I have been staring at the computer screen trying to decide what to tell you about the Teaching Excellence Academy (TEA). The TEA is a four-day course design workshop held each year in April. At first, I thought I would share some interesting facts with you.
- The TEA has been completed by over 100 participants during the past eight years.
- Members of all six Faculties and all four affiliated colleges have attended.
- Each year, there are six facilitators including two TEA alumni (thus far, 10 faculty members have returned as facilitators).
- Participants include new faculty, mid-career, and senior faculty members.
Then, I thought, perhaps I could talk about what we do at the TEA. The workshop covers key topics in course design focused on creating an “aligned” course. On the first day, we explore the content and concepts of your course as well as the context in which you are teaching (e.g., class size, level, core/elective/service, TA support, other resources, etc.). Based on the content, concepts, and context, you create learning outcomes for the course on Day 2. Finally, in an aligned course, the teaching methods, learning activities, and assessments are related to these outcomes. We explore these areas on Day 3 and finish the workshop with the creation of a new course outline on Day 4, which is shared at the celebration in the afternoon of Day 4.
The challenge, however, is that sharing these facts and describing the process doesn’t capture the essence of the TEA. This is not an isolated process; instead, the morning is spent with the large group (about 15 participants) examining the theme for the day. In the afternoon, we move to our small groups (each group has five participants and two facilitators). During the small group session, the first hour is spent working on your course then we spend the rest of the afternoon sharing our plans and ideas with each other. It is this process of sharing your plan with your group that I see as the key to the TEA’s success. We stay in the same small groups throughout the workshop. These groups are diverse with respect to discipline and so rather than spending a lot of time debating whether Concept A or Concept B belongs in the course, you can focus more on the big picture. At the same time, you learn how others across campus are approaching their teaching. We learn that while our disciplines vary, the challenges and the exciting parts of teaching are very similar.

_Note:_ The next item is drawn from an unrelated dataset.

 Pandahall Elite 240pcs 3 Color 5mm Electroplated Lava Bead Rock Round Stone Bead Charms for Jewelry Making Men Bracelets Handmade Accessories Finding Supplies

The TEA is intense. How often in our roles at the university do we have four days to focus on anything, let alone a single course? We ask you to evaluate the way you do things, question the content you include, and consider critically, why you assess students the way you do. I do not claim that this is an easy process; past participants often describe the struggles they had as they worked through this process. The scope sometimes expands beyond that single course to your other courses, or more broadly to your own teaching practices and philosophy. But it can be incredibly rewarding, particularly when you teach the revised course for the first time. As a facilitator, I can tell you that I enjoy the TEA immensely. It is such a privilege to spend four days with colleagues who care greatly about their students, their teaching, and their discipline. I hope you will consider joining us next year!